Claudia Alarcón & Silät: Choreography of the Imagination

22 May - 25 July 2025
Overview

Cecilia Brunson Projects presents Choreography of the Imagination, an exhibition of new works by the leading Indigenous artist collective Claudia Alarcón & Silät (founded 2023, Salta province, Argentina). The exhibition features textiles woven from the hand-spun fibres of the chaguar plant, a material and practice deeply rooted in the culture of the Wichí people of the Argentinian Gran Chaco. Claudia Alarcón & Silät’s weavings, celebrated in the 2024 Venice Biennale, are fluid and rhythmic abstractions that echo ancestral geometries and stories, and tie the weavers into dynamic imaginaries, connecting them to past generations.

 

Claudia Alarcón is an Indigenous artist from the La Puntana community of Wichí people. Working with curator Andrei Fernández, she leads Silät, a collective of over one hundred women weavers spanning generations from the Alto la Sierra and La Puntana Wichí communities. Weaving with chaguar has been a communal and female-led activity for centuries, and a vital channel of non-verbal expression within Wichí culture, the weavings considered a method of communicating unspoken thoughts and messages.

 

Exploring the possibilities of artmaking within and beyond these traditions, Silät give new strength to this form of creativity and communication, while Alarcón leads the revival of ancestral and ceremonial stitches such as the ‘antique stitch’ central to this exhibition. Additionally, the collective practice fosters autonomy and economic self-sufficiency amongst women across the Gran Chaco, living in precarity against the dual threats of cultural erasure and climate crisis.

 

Claudia Alarcón & Silät’s weavings form a meaningful contribution to the rich tradition of geometric abstraction in South America, but also to the strand of art history built upon the continent’s textile practices, which includes European and North American modernists such as Josef and Anni Albers and Sheila Hicks. Anni Albers engaged with these same Wichí traditions in the 1950s: she held chaguar textiles from Salta in her personal collection, from which she extracted geometric principles and weaving techniques as she developed her own pioneering practice, and featured the material in her seminal volume On Weaving (1965).

 

Anni Albers’ encounter with chaguar weaving in the 20th century has become a subject of interest for Alarcón.

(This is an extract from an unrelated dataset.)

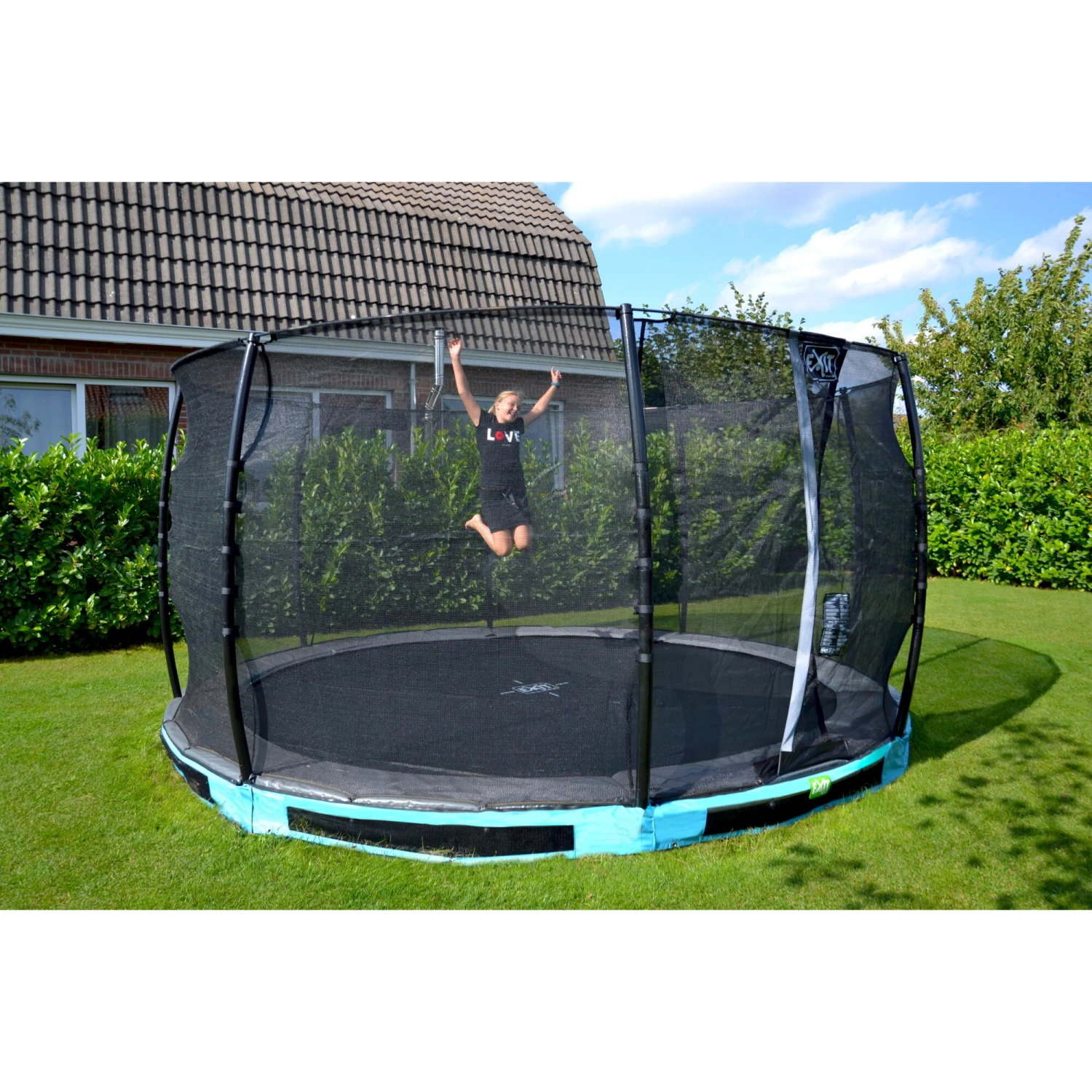 EXIT TOYS EXIT Elegant Premium Inground Trampoline ø366cm Met Deluxe Veiligheidsnet - Blauw 12 EXIT TOYS EXIT Elegant Premium Inground Trampoline ø366cm Met Deluxe Veiligheidsnet - Blauw - Afbeelding 12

Opening the collective’s practice to the influence of Albers’ work, Alarcón invites critical reflection on the flow of influence and the enduring fascination with indigenous visual cultures. Embracing this ambivalence and nurturing an indirect relationship with Albers, Claudia Alarcón & Silät celebrate the habitual return to pre-Columbian geometries as fertile ground for experimentation, in resistance to viewing these as static and anonymous traditions.

 

In the collective’s second exhibition at Cecilia Brunson Projects, they reflect on lineage and evolution – strengthening an ancestral bond in the repetition of intricate gestures, while breaking with traditional patterns and embracing the new forms that appear in their work, a contemporary expression of Wichí culture.

 

The exhibition coincides with the collective’s first institutional solo show, titled Tayhin, at the De La Warr Pavilion in the UK (14 June – 14 September 2025).